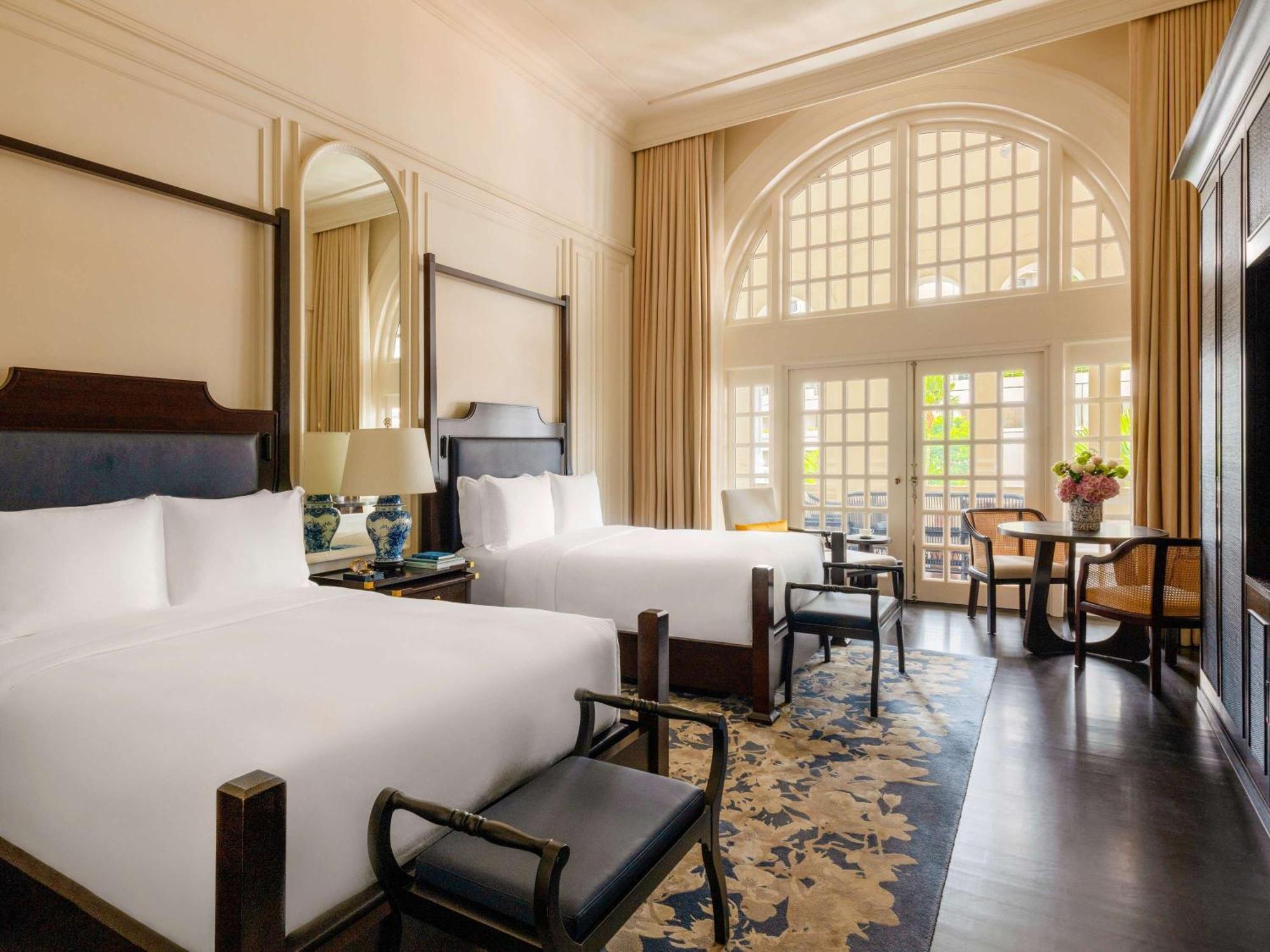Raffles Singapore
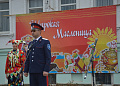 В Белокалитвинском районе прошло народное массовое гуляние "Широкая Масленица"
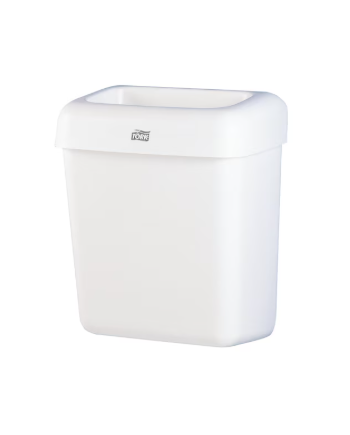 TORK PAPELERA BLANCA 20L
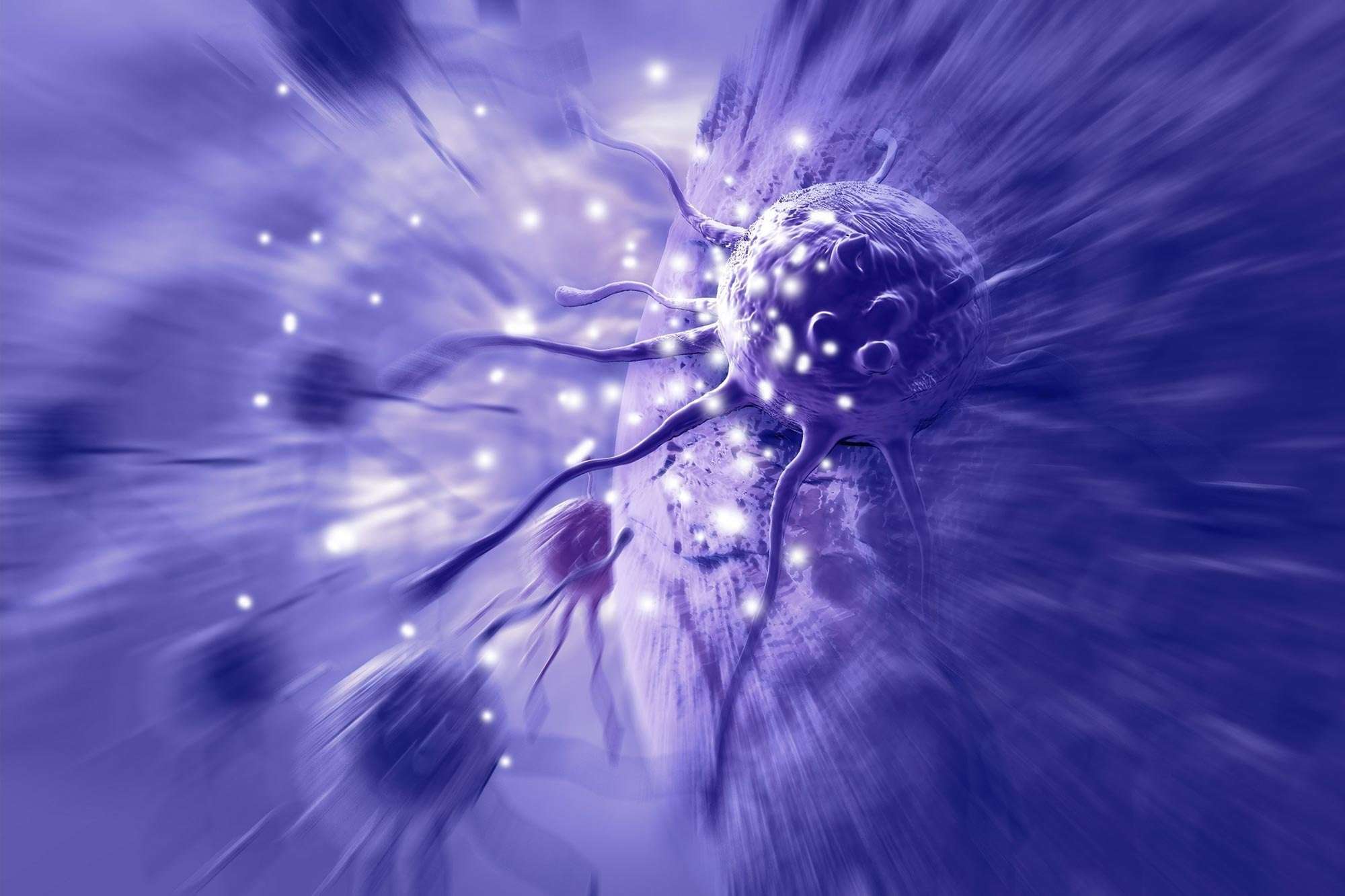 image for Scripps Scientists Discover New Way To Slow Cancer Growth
--
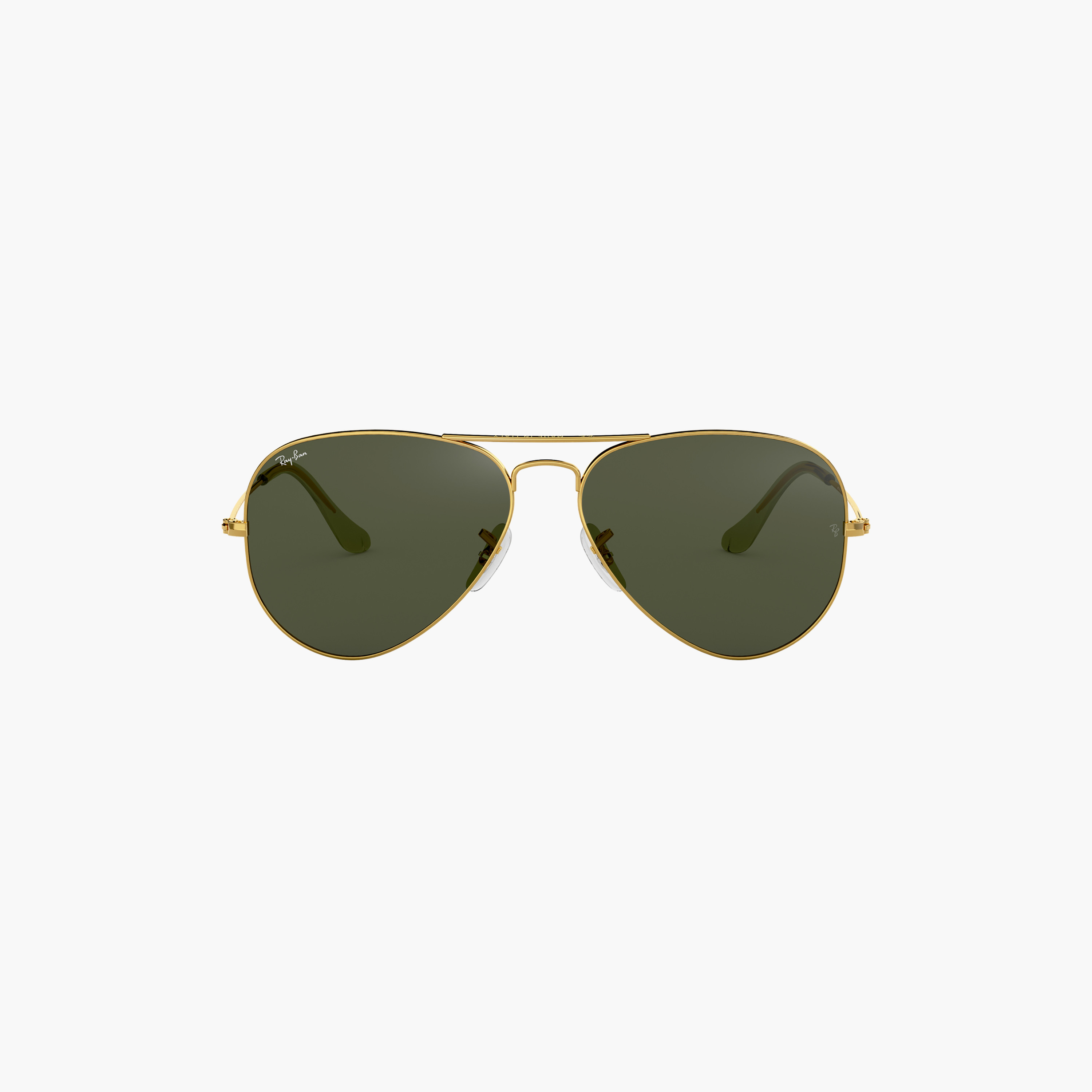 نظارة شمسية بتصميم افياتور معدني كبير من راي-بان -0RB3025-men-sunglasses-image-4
...
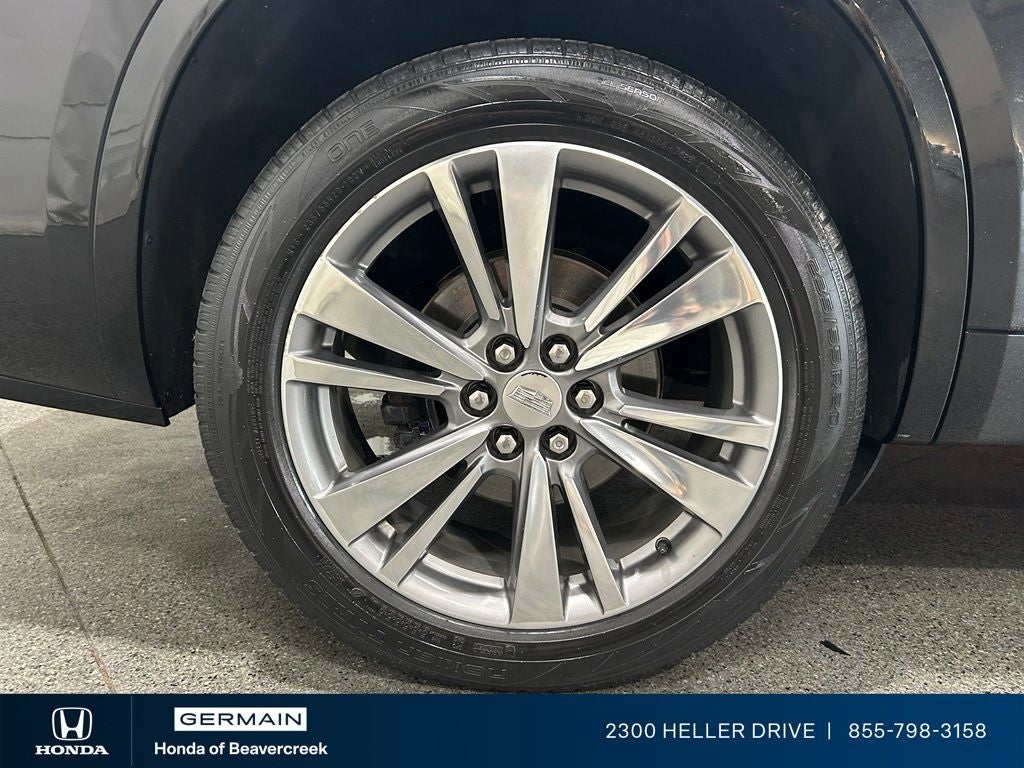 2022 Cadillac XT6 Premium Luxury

◆ **Action item**:
All that should be printed is the run of lines above from the one with "TORK PAPELERA BLANCA 20L" through the one with "image for Scripps", both included, exactly as given, with pictures left out.

◆ **Result for this exercise**:
 TORK PAPELERA BLANCA 20L
 image for Scripps Scientists Discover New Way To Slow Cancer Growth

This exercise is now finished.